Who's the breeder again do they have a site? 

Also what method did you use to train the retrieve? Lucy will go out and pick up the item but it's tough to get her to bring it back... Suggestions?

Rebecca


----------



## tortoise (Feb 5, 2012)

I got him from Red Star Kennel: Red Star Kennel - The Miniature Poodle

Really good people I've known for a long time. What a happy surprise to me that they started this mpoo breeding program since the last time I was training out there. 

Lucy's retrieve problem is all about trust, relationship, and posession. You can fix it by playing TUG. A LOT. Let her win EVERY TIME. What you'll see is that she'll win the toy and bring it to you immediately to play again. You become super fun and she'll start to feel safe bringing toys to you.

Don't play fetch games for a while. If/when you do, don't take a toy out of her mouth until she's smashing it into your hand (or dropping at your feet) and practically begging you to take the toy.

So no, my dog had zero retrieve training, zero dead retrieve training. But we play tug a lot and he's very trusting as far as giving things to me. I've never taken something away from him. I trained "out" (out of your mouth) with a zero-conflict style. The dog CHOOSES to let go and gets rewarded by more play. It is powerful stuff. He was chewing on something and I told him "out" and he SPITS a little piece of cardboard or something out. This obedience command prevents the distrust that happens from chasing down a puppy and pulling something out of the back of its neck.

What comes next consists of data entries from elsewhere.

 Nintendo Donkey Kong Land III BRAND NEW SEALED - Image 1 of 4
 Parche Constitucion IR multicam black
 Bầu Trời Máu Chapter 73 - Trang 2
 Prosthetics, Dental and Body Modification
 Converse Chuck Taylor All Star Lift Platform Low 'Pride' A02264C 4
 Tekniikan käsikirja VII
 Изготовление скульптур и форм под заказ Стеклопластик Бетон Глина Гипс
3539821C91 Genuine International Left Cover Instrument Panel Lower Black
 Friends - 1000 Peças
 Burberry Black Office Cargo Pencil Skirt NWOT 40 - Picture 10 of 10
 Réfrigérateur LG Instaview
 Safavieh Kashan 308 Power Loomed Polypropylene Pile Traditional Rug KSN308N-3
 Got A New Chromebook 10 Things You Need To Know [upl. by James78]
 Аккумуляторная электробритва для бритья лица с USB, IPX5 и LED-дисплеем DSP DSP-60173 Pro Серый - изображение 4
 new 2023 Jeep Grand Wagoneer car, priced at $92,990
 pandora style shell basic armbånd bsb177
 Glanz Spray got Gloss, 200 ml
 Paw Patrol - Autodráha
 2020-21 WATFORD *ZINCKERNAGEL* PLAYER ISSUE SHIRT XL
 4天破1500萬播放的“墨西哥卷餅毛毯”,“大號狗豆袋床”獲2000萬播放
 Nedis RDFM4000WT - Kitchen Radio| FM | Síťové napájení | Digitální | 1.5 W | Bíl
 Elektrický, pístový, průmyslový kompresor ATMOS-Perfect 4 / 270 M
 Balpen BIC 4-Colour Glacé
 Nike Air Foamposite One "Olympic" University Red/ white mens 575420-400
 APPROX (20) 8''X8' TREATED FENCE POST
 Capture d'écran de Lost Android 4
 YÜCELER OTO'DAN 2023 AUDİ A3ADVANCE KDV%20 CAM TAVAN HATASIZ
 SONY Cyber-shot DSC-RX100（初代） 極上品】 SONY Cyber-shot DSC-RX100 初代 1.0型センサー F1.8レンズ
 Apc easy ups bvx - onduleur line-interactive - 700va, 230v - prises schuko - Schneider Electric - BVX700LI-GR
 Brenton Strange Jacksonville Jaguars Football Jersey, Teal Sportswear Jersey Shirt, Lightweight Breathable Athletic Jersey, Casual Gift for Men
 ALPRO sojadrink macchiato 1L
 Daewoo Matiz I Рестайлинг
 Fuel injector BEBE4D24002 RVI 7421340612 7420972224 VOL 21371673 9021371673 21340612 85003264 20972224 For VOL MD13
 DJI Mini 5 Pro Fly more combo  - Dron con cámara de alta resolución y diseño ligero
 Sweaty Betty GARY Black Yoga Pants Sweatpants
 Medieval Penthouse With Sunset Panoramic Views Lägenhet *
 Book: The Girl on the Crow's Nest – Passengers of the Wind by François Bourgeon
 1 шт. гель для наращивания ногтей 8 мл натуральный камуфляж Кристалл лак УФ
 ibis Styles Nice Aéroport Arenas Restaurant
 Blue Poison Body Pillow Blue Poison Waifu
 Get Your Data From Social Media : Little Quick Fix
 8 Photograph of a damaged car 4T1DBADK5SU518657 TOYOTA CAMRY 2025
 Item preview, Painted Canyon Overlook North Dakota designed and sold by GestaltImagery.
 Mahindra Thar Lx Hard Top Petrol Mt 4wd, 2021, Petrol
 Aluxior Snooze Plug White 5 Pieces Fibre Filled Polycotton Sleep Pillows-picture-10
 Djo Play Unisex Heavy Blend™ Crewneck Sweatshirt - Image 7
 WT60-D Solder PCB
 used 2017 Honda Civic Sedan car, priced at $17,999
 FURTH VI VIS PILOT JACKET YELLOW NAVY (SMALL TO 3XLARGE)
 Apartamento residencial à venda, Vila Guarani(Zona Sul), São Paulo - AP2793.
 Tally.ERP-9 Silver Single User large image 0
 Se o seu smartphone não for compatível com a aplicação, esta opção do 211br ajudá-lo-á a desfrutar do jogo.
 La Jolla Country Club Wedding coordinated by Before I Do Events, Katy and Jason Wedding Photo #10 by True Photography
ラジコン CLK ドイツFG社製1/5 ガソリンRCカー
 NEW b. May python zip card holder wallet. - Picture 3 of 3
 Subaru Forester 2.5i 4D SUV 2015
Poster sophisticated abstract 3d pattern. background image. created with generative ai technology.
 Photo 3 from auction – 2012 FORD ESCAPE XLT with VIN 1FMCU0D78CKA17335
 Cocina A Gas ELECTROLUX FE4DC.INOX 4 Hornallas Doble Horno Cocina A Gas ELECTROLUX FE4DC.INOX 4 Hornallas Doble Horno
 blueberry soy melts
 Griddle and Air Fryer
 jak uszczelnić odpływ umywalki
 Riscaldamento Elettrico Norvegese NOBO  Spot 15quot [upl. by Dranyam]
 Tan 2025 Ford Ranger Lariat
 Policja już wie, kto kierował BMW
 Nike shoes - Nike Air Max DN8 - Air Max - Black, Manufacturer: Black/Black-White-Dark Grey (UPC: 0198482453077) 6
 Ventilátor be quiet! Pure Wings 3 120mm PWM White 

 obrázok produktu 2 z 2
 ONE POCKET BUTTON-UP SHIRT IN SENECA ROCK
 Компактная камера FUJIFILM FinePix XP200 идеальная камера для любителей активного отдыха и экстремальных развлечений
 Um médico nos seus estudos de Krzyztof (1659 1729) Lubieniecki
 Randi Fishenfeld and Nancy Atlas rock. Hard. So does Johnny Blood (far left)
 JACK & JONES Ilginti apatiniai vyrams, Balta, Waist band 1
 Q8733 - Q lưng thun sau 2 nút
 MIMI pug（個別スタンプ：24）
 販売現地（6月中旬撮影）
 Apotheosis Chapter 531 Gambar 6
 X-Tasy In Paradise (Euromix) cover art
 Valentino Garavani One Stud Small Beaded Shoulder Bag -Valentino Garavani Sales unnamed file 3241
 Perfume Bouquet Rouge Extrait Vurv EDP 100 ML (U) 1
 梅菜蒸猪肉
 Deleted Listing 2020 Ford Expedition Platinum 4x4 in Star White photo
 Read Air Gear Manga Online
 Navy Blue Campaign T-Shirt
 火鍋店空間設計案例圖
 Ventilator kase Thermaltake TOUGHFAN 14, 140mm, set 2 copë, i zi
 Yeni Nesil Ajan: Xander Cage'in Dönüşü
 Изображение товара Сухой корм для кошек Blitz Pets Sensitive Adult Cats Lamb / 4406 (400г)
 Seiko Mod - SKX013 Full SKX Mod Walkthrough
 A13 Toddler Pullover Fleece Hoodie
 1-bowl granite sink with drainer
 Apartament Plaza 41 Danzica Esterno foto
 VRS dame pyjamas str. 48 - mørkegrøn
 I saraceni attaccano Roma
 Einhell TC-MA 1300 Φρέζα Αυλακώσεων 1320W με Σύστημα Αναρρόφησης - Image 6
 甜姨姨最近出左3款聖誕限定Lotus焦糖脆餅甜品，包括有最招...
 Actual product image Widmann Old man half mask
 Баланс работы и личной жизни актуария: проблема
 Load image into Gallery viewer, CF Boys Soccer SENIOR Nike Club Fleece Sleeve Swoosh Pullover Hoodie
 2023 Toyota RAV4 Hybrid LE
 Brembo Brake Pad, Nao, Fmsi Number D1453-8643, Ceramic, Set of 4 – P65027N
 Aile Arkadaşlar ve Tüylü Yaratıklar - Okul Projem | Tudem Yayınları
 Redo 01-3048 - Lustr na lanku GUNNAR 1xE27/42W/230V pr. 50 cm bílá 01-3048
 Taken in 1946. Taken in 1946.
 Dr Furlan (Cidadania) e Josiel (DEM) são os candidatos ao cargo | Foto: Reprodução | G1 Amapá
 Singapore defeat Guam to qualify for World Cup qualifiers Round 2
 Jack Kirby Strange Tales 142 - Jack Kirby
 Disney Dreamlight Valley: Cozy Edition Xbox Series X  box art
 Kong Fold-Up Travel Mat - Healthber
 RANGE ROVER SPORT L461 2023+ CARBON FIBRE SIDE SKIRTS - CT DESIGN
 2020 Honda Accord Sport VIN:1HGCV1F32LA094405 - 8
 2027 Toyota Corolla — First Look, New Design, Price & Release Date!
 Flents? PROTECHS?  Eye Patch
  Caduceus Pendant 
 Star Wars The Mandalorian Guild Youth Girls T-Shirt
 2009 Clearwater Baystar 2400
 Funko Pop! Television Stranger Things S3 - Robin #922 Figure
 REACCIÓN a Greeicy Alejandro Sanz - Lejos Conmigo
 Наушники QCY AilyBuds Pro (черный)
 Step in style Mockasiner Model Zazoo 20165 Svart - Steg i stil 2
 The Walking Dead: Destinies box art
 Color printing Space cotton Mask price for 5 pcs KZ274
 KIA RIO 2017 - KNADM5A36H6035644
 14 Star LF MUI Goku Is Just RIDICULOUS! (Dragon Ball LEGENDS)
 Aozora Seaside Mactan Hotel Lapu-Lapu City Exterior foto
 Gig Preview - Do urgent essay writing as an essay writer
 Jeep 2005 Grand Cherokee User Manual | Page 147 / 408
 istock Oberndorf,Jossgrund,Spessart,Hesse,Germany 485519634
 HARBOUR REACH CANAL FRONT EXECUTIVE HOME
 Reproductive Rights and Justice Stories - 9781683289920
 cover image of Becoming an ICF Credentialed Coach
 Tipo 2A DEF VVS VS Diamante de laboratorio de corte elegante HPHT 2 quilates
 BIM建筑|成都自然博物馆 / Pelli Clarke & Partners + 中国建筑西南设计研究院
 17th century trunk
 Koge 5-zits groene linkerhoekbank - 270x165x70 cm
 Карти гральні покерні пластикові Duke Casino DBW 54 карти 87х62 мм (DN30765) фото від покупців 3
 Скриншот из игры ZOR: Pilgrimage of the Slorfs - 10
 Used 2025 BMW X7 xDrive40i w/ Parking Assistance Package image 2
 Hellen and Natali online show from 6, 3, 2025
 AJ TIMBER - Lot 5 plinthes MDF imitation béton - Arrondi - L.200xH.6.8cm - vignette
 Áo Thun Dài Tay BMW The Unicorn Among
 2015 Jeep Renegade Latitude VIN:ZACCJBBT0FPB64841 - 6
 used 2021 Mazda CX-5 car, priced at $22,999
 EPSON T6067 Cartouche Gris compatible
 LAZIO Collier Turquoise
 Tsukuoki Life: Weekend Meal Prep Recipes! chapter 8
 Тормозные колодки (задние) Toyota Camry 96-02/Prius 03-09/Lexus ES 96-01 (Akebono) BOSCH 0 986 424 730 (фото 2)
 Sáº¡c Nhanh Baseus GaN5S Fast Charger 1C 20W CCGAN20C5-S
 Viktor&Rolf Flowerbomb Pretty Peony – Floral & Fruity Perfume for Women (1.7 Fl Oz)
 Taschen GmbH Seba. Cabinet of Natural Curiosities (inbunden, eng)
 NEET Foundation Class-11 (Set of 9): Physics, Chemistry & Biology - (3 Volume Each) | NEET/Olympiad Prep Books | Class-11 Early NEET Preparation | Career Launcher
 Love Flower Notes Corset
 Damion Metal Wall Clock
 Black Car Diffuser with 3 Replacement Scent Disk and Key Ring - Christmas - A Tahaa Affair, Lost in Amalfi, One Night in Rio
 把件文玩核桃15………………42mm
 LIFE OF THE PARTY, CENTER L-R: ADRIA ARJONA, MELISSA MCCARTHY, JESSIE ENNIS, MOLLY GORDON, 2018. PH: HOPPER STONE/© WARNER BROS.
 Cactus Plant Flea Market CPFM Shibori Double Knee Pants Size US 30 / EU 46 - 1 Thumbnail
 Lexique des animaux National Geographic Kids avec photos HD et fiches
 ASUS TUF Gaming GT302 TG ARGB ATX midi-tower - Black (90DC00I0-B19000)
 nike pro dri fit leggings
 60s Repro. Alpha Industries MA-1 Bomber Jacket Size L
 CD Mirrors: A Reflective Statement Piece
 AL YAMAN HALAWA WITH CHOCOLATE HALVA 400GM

Retrieve is a behavior that shows the true colors of your dog's relationship with you. Have fun tugging!


----------



## caroline429 (Mar 5, 2012)

tortoise said:


> Don't play fetch games for a while. If/when you do, don't take a toy out of her mouth until she's smashing it into your hand (or dropping at your feet) and practically begging you to take the toy......
> Retrieve is a behavior that shows the true colors of your dog's relationship with you. Have fun tugging!


Interesting post! I never thought of the psychology behind the play but it seems I accidentally did it correctly. LOL 

Cali lives to play tug and retrieve. I always let her win tug because it just doesn't seem fair not to let the little fluffball win! She has retrieved since day one and has always literally smashed the ball or tug toy or stuffed animal (she'll retrieve anything she can carry!) into my hand. Sometimes she'll drop it on her own and sometimes I ask her to drop it but she's always eager to go again. I've got to admit a good long game of retrieve comes in handy on rainy, miserable days when I don't want to take her for a walk but know she needs exercise.

Her nonstop tugging/retrieving play drove me crazy when I first got her; you probably remember the thread about "drive". Now she's maturing (she's the same age as your boy) she's turning into one fun little dog. At class the other day, she did a really good "heel", then a "sit, stay, come and sit", totally focused on me the whole time. The instructor said it was "perfect". 

I was so proud because when she started the class, she acted like a brainless airhead, bouncing up and down and not paying any attention at all. The other students used to look at us with something like pity but at the last two classes a couple of them have been asking me how I'd been training her to effect such a change. I wish I could say I had some magic formula but the truth is I've done nothing different. The last few weeks, it's like someone flipped a switch and she suddenly has decided working is fun. 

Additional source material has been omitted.